PROBLEM TO SOLVE: Please retype all of the records below word for word, leaving out any pictures.

WORKING DATA:
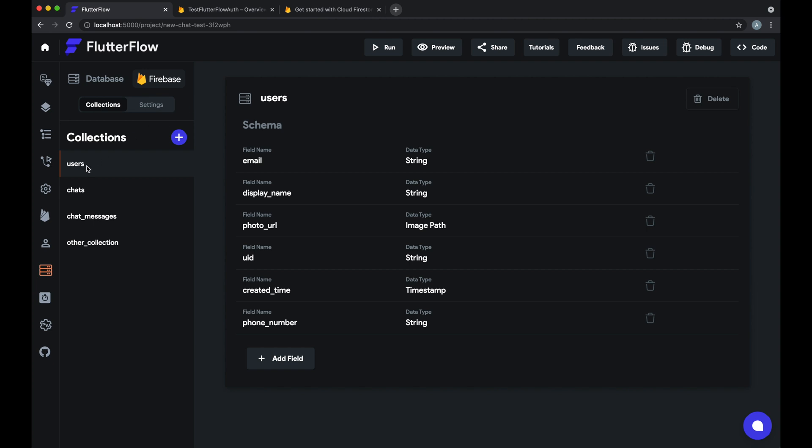As you can see we have a few collections here. We have the users collection, this app has chats, and then we will have some other random collection.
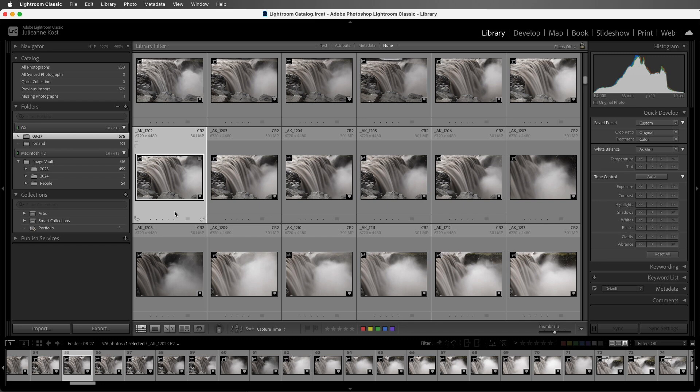I will be sure to have Lightroom Classic replace the embedded previews with the Lightroom Classic generated previews. This is because when we are looking at the embedded preview that the camera manufacturer created, I am not really sure what processing was done to the photo by the camera. The camera might have added sharpening or displays colors differently than Lightroom Classic. So by having Lightroom Classic render the previews, I know that I am viewing the RAW file as Lightroom Classic would render it, not as the camera manufacturer would.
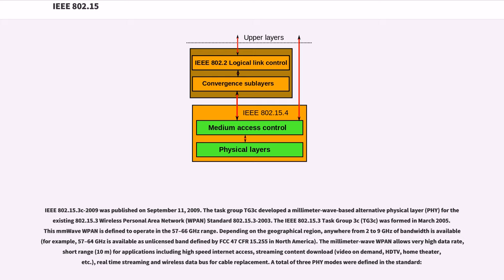The millimeter wave PAN allows very high data rate, short range (10 meters) for applications including high-speed internet access, streaming content download, video on demand, HDTV, home theater, etc., real-time streaming and wireless data bus for cable replacement. A total of 3 PHY modes were defined in the standard.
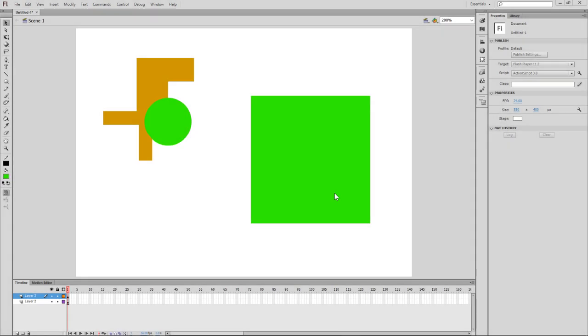This is called the Flash Devanity Tutorial, so I will do the Flash Devanity Tutorial here. We are going to do a little bit of animation.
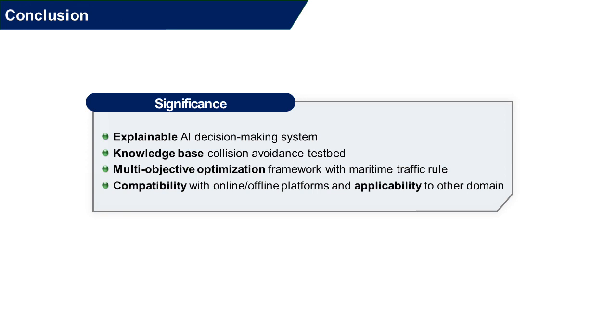Based on this decision-making testbed, we can further answer the questions in another domain, aside from the maritime domain. Moreover, MACO can contribute to the online decision-making and analysis of the past events such as a vehicle accident. Thank you for watching our video.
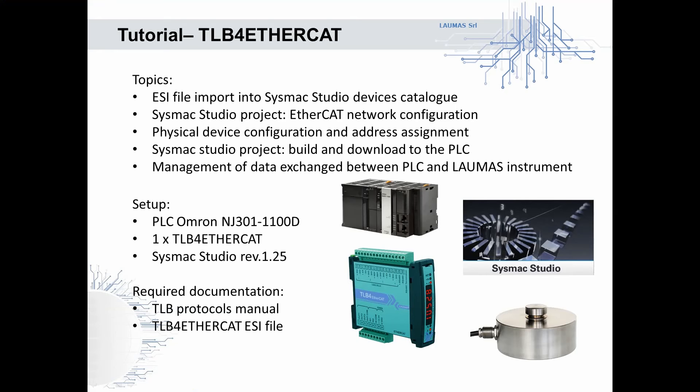Welcome to this video tutorial about the integration of a TLB4 multi-channel weight transmitter into an EtherCAT network managed by Omron PLC.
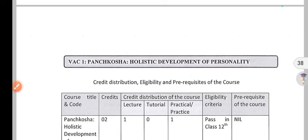Hi everyone, so how are you all? I hope you all are good students. So I will be waiting for you again. You have the Prevar College update. So now we will discuss 5 COSA, Holistic Development and Personality.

SOLUTION BELOW:
As you can see we have a few collections here. We have the users collection, this app has chats, and then we will have some other random collection.
I will be sure to have Lightroom Classic replace the embedded previews with the Lightroom Classic generated previews. This is because when we are looking at the embedded preview that the camera manufacturer created, I am not really sure what processing was done to the photo by the camera. The camera might have added sharpening or displays colors differently than Lightroom Classic. So by having Lightroom Classic render the previews, I know that I am viewing the RAW file as Lightroom Classic would render it, not as the camera manufacturer would.
The millimeter wave PAN allows very high data rate, short range (10 meters) for applications including high-speed internet access, streaming content download, video on demand, HDTV, home theater, etc., real-time streaming and wireless data bus for cable replacement. A total of 3 PHY modes were defined in the standard.
This is called the Flash Devanity Tutorial, so I will do the Flash Devanity Tutorial here. We are going to do a little bit of animation.
Based on this decision-making testbed, we can further answer the questions in another domain, aside from the maritime domain. Moreover, MACO can contribute to the online decision-making and analysis of the past events such as a vehicle accident. Thank you for watching our video.
Welcome to this video tutorial about the integration of a TLB4 multi-channel weight transmitter into an EtherCAT network managed by Omron PLC.
Hi everyone, so how are you all? I hope you all are good students. So I will be waiting for you again. You have the Prevar College update. So now we will discuss 5 COSA, Holistic Development and Personality.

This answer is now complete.